The film was written following the death of Carolyn Cronenberg, the filmmaker's wife and collaborator, in 2017. This bereavement, rather than offering a key to understanding, gives the film a very personal tone and highlights the deep emotion that runs through it.
So personal that Vincent Cassel, 17 years after Eastern Promises (2007), portrays a hero who, with his slender figure and silver mane, resembles Cronenberg almost to a tee. Karsh, a wealthy Toronto entrepreneur with a high-tech funeral business, can't get over the death of his wife, Rebecca (Diane Kruger). As a result, he has developed a connected grave system, which he markets in his network of equipped cemeteries. At the heart of this technology is a sensor-equipped shroud that takes an image of the buried body and transmits it to a screen embedded into the gravestone. Consequently, the inconsolable engineer can follow the day-to-day decomposition of the beloved corpse. Their relationship continues beyond death, as the body continues to transform. However, Karsh soon observes the formation of strange nodules on the skeleton's surface, raising concerns about the body's integrity.

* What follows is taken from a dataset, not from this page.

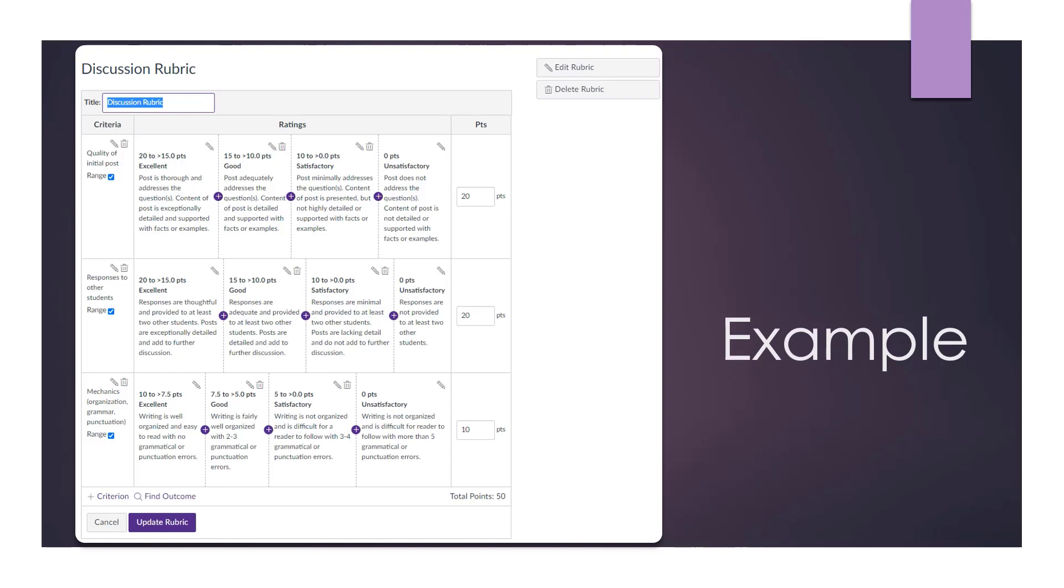If you do a quick search, you will find a lot of examples of rubrics available online. Also, in a recent chat sponsored by the Teaching and Learning Center, rubrics were discussed, and one idea which was shared was to get student input in creating the rubric.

This twisted yet stimulating premise, probing the Promethean theme of impossible mourning and necrophilic desire, is intertwined with another paranoid plot. One morning, Karsh discovers that several of his tombs, including his wife's, have not only been vandalized but hacked into and converted into a surveillance system. The investigation leads him to uncover a dark cybernetic conspiracy involving conflicting interests (a rival oncologist or environmental activists opposed to his technological innovations), and possibly foreign powers (China? Russia?). Every step he takes brings him back to the same central enigma: Rebecca's troubled personality, filled with many dark areas.